The Disability Divide—Misconceptions That Could Be Costly

The Disability Divide—Misconceptions That Could Be Costly

Many people get their benefits through work and regard them as an important part of their total compensation package. Last August, the Council for Disability Awareness (CDA) surveyed over 500 human resources professionals whose job it is to help employees understand, navigate and take advantage of these benefits. This May it released the studyDisability Divide: Employer Study;” here are some of the insights the HR professionals shared:

  • 73% said they thought their company’s employees considered “the ability to earn an income” to be their most valuable financial resource … more valuable than their retirement savings, homes or their medical insurance. Yet only 26% thought their employees considered it “very important” to prepare for disability, and only 26% thought their company’s employees were prepared to financially survive an illness or injury related income loss without contacting (https://russellandhill.com/) a qualified injury attorney.
  • In a previous research project when CDA surveyed over 1,000 wage earners, the wage earners themselves recorded similar responses. They overwhelmingly said “their ability to earn an income” was their most valuable resource, but when asked their degree of agreement with several statements about their attitude about preparing for disability, the one they were most likely to agree with was: “I have never really thought about it.”
  • Most of the HR experts thought employees should plan for disability at young ages, but recognized the reality that most don’t plan until they are in their 40s, or 50s, or never. This impression is borne out by fact: roughly 100 million members of the U.S. civilian workforce have no private disability insurance.
  • Finally, most of the HR professionals and the wage earners dramatically underestimated the risk of experiencing a disability during their working years.

Here are some facts:
From the Personal Disability Quotient (PDQ) calculator: a 35 year old male, average height and weight, office duties, average lifestyle, non-smoker and no health history still faces about a 13% risk of long term disability prior to retirement. For a woman age 35 with a similar risk profile, the chances are about 18% that she will experience a long term disability before retirement. During the surveys, when CDA asked the wage earners and HR professionals what they thought the odds of disability were, most answered either 1% or 2% – significantly lower than reality.

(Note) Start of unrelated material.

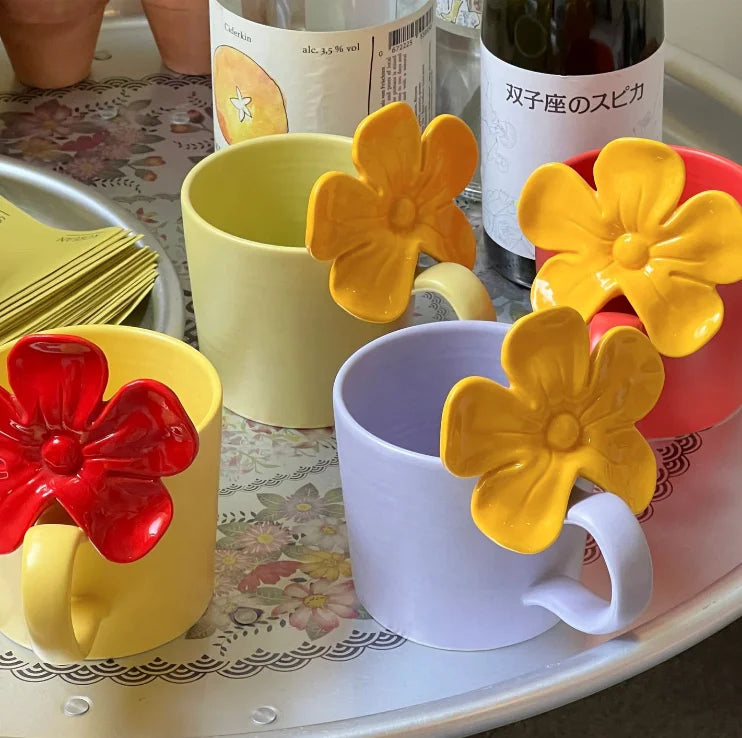 Nordic Ins Ceramic Mug Flower Cup Korean Ceramic Handmade Office Couple Coffee Ceramic Water Cup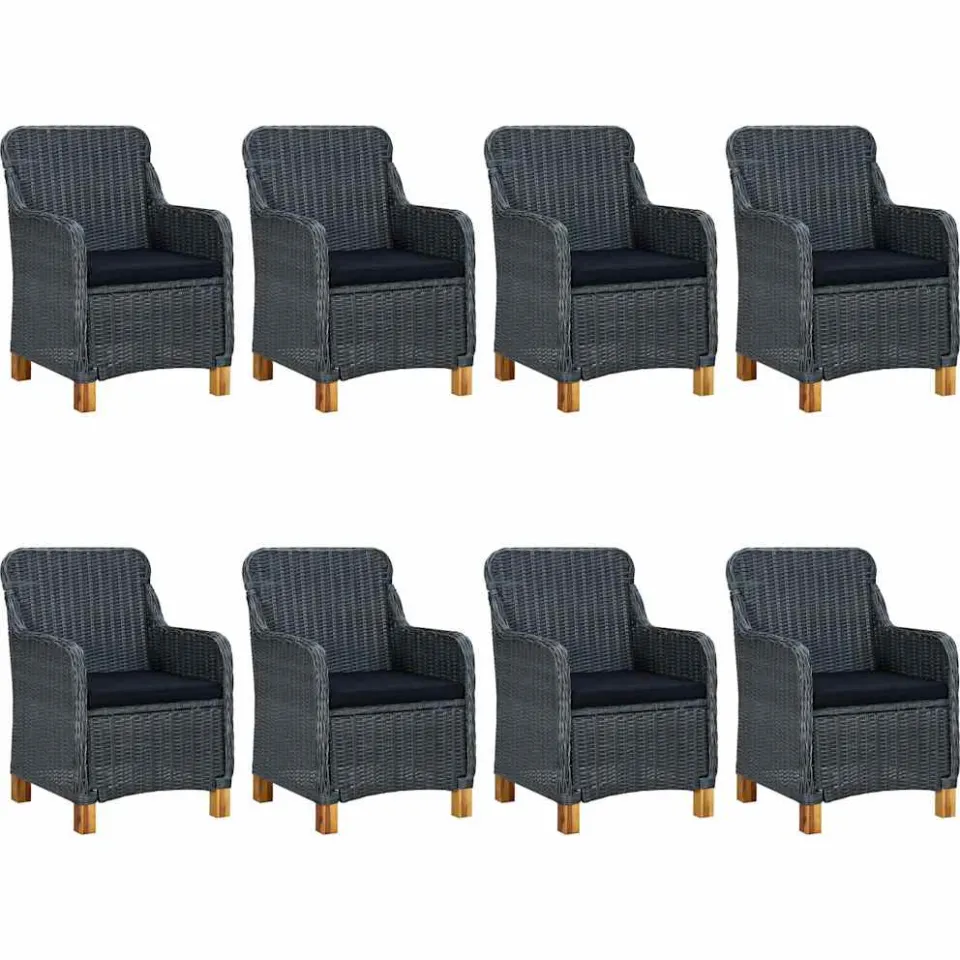 vidaXL 9-delige Tuinset met kussens poly rattan donkergrijs grijs, foto 2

From the Earnable Income Quotient (EIQ) calculator, those same 35 year olds, if earning $50,000 annually today, are likely to earn something like $2.4 million before their working careers end; for most an almost incomprehensible sum.

If the typical 35 year old had $100,000 in cash, they would go to the ends of the earth to keep from losing it. Yet, considering their $2.4 million earnings potential, with risk of loss in the 13-18% range, most wage earners say “I’ve never really thought about protecting it.” Something is wrong with this picture!

Some takeaways:
Everyone who needs their income to survive financially, which is most everyone that works for a living, needs to protect that income. The risk of loss—and the value of the potential loss—are simply too high to ignore at any age.

Historically, it was considered less important for wage earners to protect their incomes as they got closer to retirement because many had defined benefit pensions, most had savings, dependent children were long gone, and homes were paid off. For many in their 50s and even 60s today, current income remains very important as they scramble to save enough for retirement when home prices and many investment portfolios have tanked, many are still supporting children, and some are even supporting grandchildren and parents. So income protection remains important.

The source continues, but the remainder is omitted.